That it appeared early in the war made the message more believable, probably to the artist as much as to her audience. Thousands of Australian recruits unwittingly colluded in this propaganda exercise by sending home postcards and photographs from Egypt, frequently with themselves and their 'Hale and Hearty’ mates posed with pyramid, Sphinx and camel en route to France. Such symbols of Egypt alone signified duty done. Dawkins does not entirely dispense with the military presence but her line of distant silhouetted marchers are an attractive compositional device, no more realistic or militaristic than comparable pre-war silhouettes by Blamire Young or the influential English 'Beggarstaff Brothers’ (William Nicholson and James Pryde).
As a member of the South Australian Society of Arts (SASA), Dawkins exhibited in the Society’s annual exhibitions in 1916-18, showing (inter alia) Orient in1916, Ballet Costume Designs and Head of Old Man in 1917 and Theatrical Costume in 1918, which suggest she may also have been designing for the theatre at the time. She certainly designed the program (with an allegorical woman on the cover) for a SASA Patriotic Evening held on 3 July 1917, which included banjo duets, recitations, papers, a dramatic sketch and the judging of an Exhibition of Pictures (listed) by Art Club members (the artists are unnamed but presumably included Dawkins).

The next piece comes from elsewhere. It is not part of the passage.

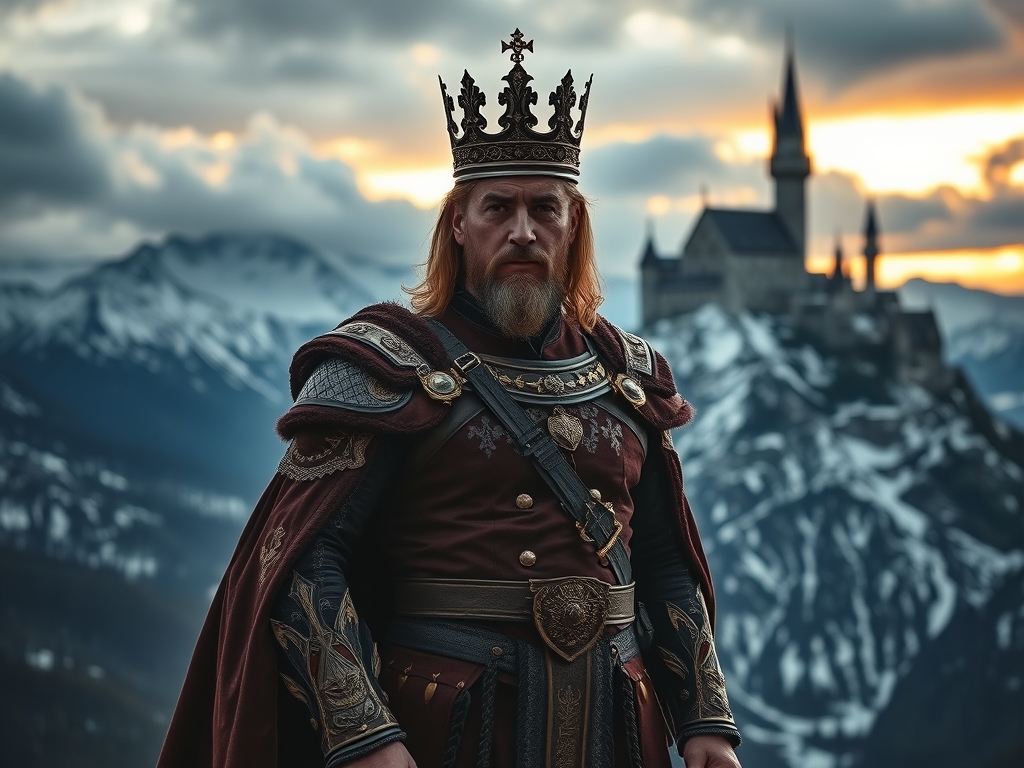 king of seven kingdoms 4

Dawkins’ illustrative work for the Adelaide magazine Shopping : The Australian Housewife’s Monthly Newspaper , published July-December 1918, includes a page of witty cartoons parodying the current theatrical production of the Bing Boys. She drew art nouveauish illustrations for each segment of the publication, including 'Miss Vanity’s Page’, 'The Garden of Beauty & Usefulness’, 'Poultry Notes’ and 'Who’s Who & What’s Doing’. In 1918 she also designed two covers, a Japonaise image of a woman peeping over her fan with a cherry blossom branch behind her for September and a smart girl-about-town twirling a striped umbrella in her hands for November.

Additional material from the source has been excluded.